■ DATA FOR THIS EXERCISE:
+-------+

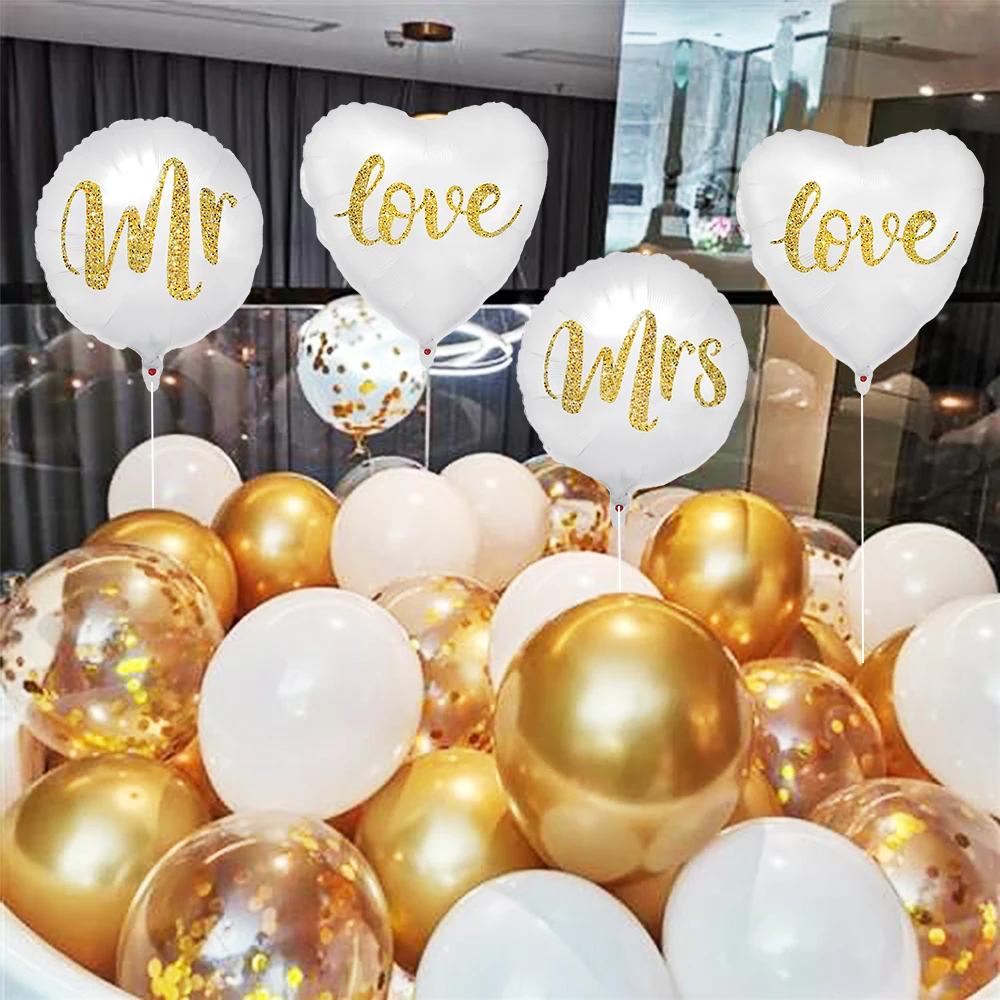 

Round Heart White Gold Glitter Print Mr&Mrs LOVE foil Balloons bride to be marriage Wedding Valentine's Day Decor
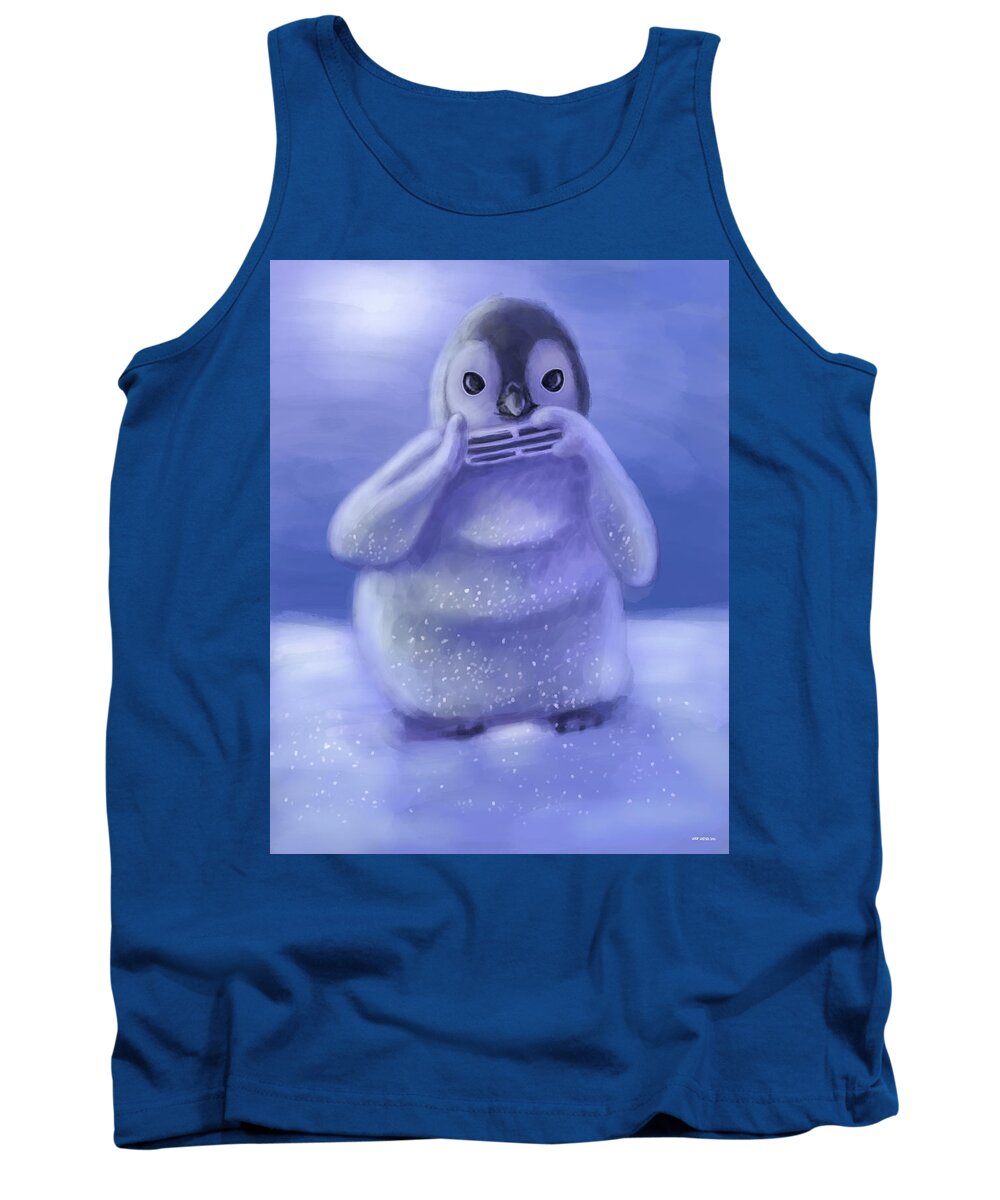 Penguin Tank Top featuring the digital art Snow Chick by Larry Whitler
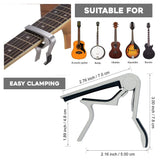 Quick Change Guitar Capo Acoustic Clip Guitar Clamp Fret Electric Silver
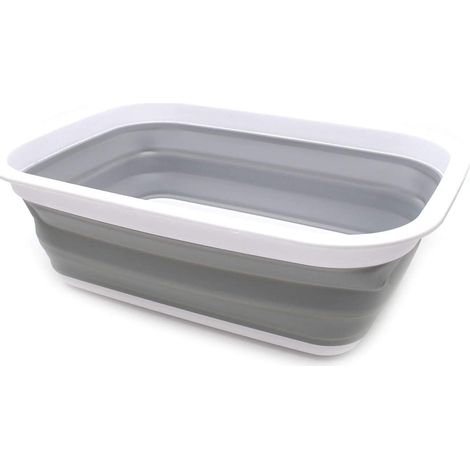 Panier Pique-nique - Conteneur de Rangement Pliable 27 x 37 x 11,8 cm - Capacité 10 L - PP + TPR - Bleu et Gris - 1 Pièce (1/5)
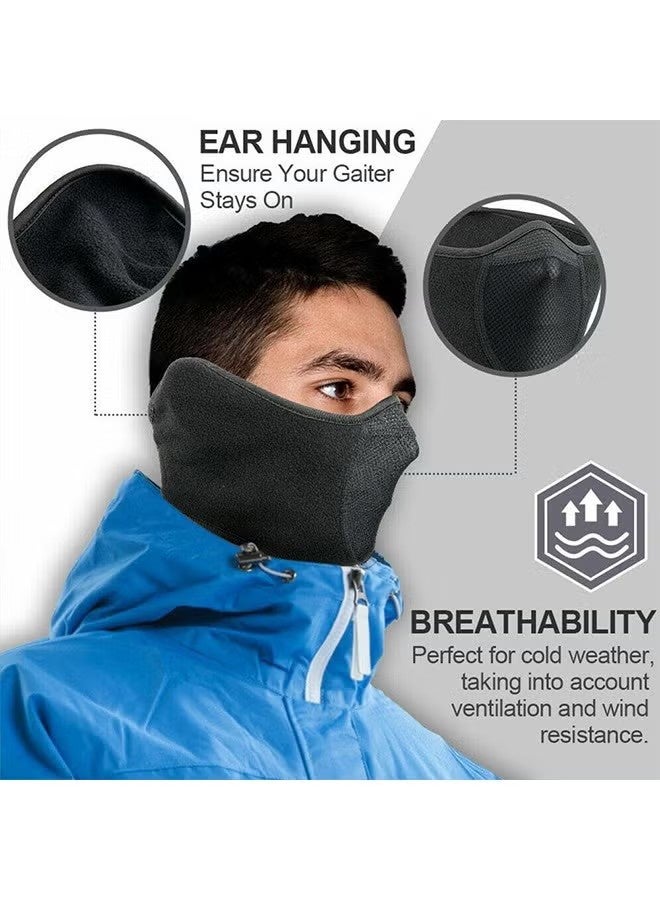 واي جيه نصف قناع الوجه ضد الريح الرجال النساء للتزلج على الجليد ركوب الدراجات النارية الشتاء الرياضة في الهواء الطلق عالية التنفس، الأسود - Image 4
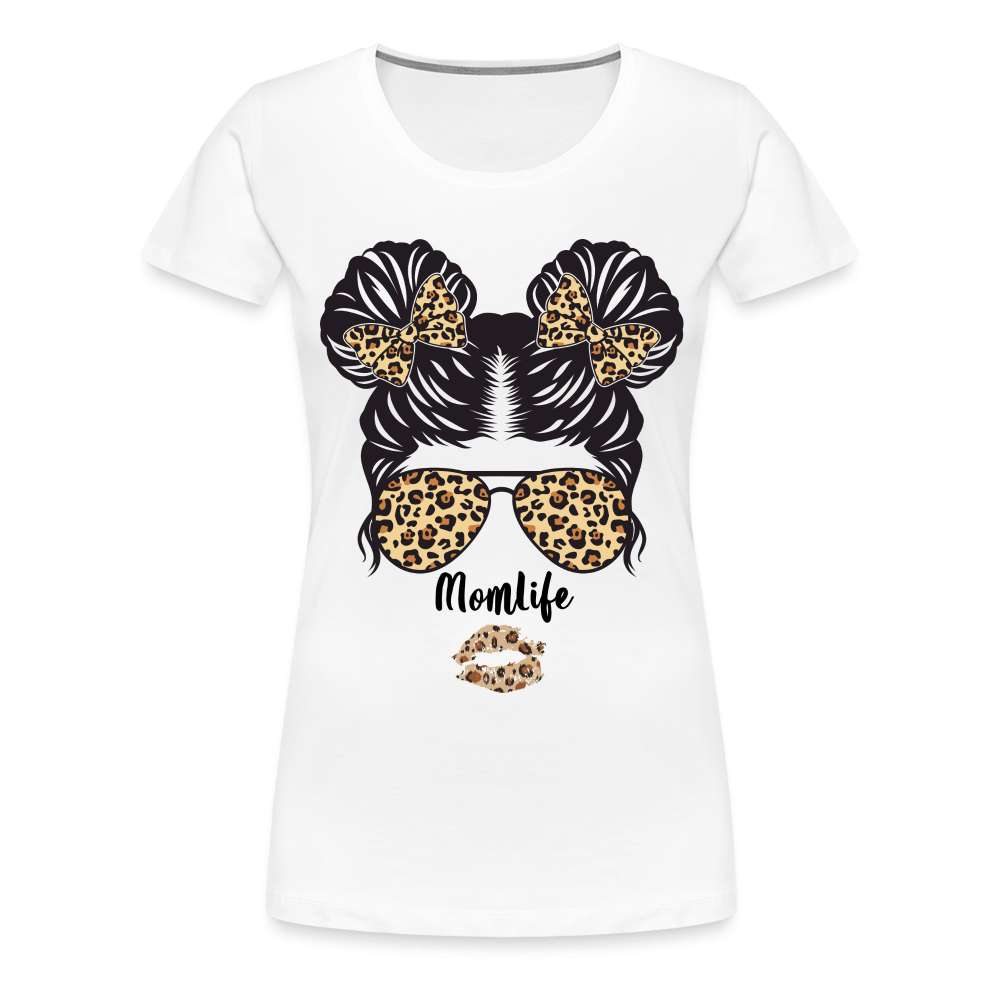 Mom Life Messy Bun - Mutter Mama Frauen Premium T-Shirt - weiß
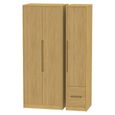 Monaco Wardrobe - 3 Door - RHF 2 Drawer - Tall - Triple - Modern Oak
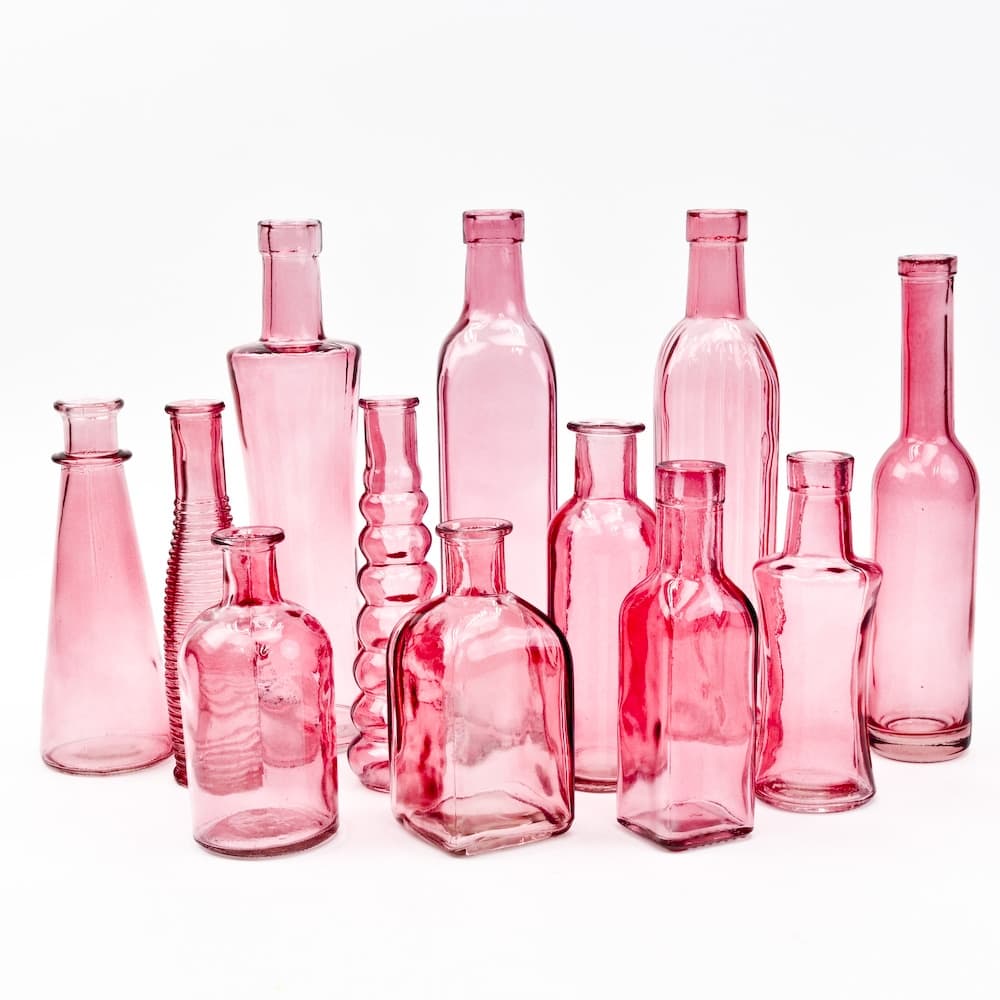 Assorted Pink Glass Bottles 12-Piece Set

+-------+

■ AIM OF THE EXERCISE:
In the copy, no pictures are to appear; write out exactly the lines from the one containing "Panier Pique-nique - Conteneur" through the end of the listing above and no further lines.

■ OUTPUT OF THE TASK:
 Panier Pique-nique - Conteneur de Rangement Pliable 27 x 37 x 11,8 cm - Capacité 10 L - PP + TPR - Bleu et Gris - 1 Pièce (1/5)
 واي جيه نصف قناع الوجه ضد الريح الرجال النساء للتزلج على الجليد ركوب الدراجات النارية الشتاء الرياضة في الهواء الطلق عالية التنفس، الأسود - Image 4
 Mom Life Messy Bun - Mutter Mama Frauen Premium T-Shirt - weiß
 Monaco Wardrobe - 3 Door - RHF 2 Drawer - Tall - Triple - Modern Oak
 Assorted Pink Glass Bottles 12-Piece Set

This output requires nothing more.